--- RECORDS FOR THIS EXERCISE Enclosed Below ---
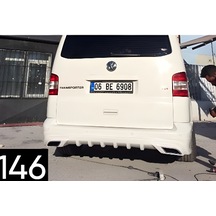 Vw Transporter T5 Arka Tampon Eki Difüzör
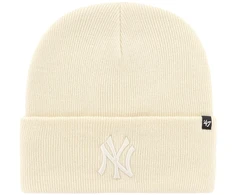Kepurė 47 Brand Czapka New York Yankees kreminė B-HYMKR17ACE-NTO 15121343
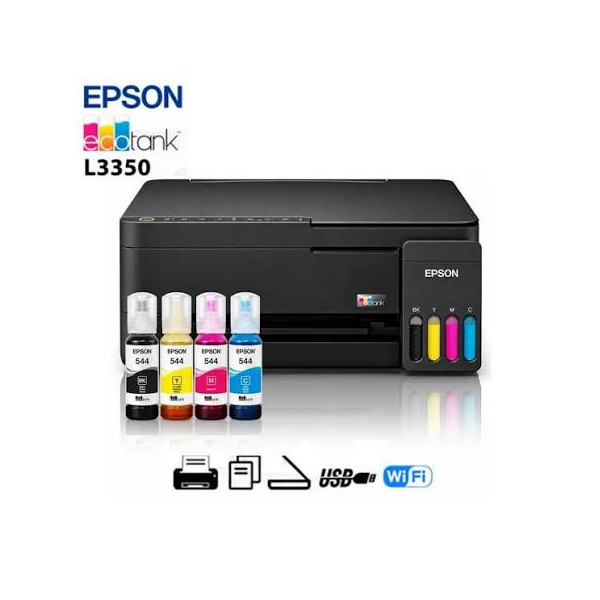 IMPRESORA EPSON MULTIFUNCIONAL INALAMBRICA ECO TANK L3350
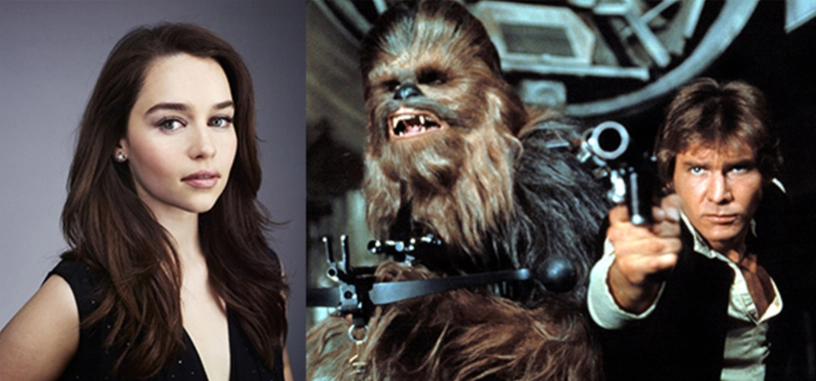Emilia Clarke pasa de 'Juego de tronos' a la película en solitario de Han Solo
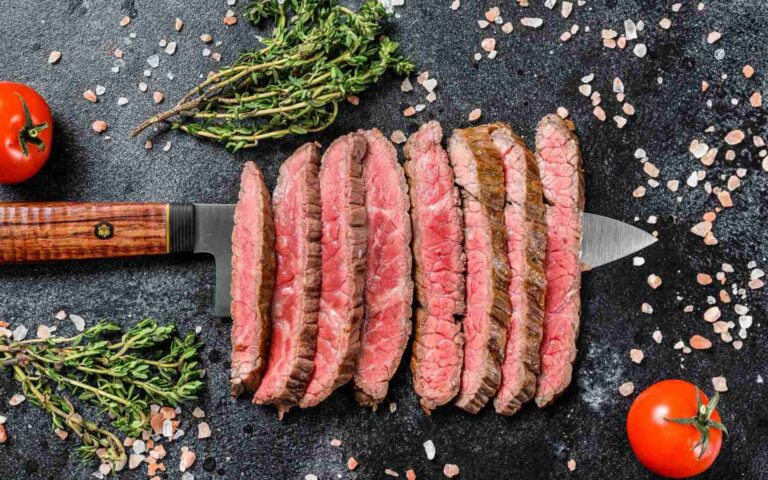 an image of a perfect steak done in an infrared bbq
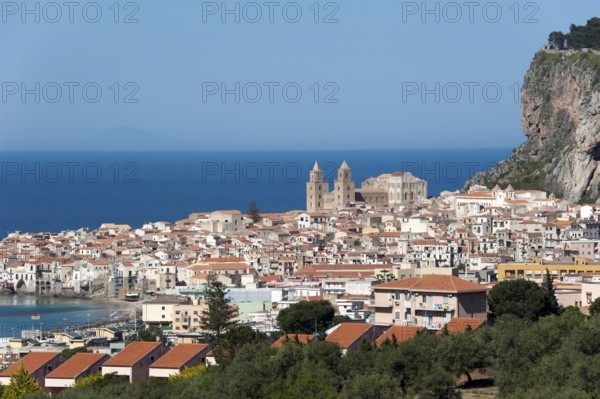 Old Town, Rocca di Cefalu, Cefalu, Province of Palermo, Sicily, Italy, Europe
--- End of Enclosed RECORDS FOR THIS EXERCISE ---
REQUIRED ACTION:
The answer is the run of lines from the one with "an image of" through the final line of the data, copied exactly, and nothing else; no pictures.

SOLUTION TO THIS EXERCISE:
 an image of a perfect steak done in an infrared bbq
 Old Town, Rocca di Cefalu, Cefalu, Province of Palermo, Sicily, Italy, Europe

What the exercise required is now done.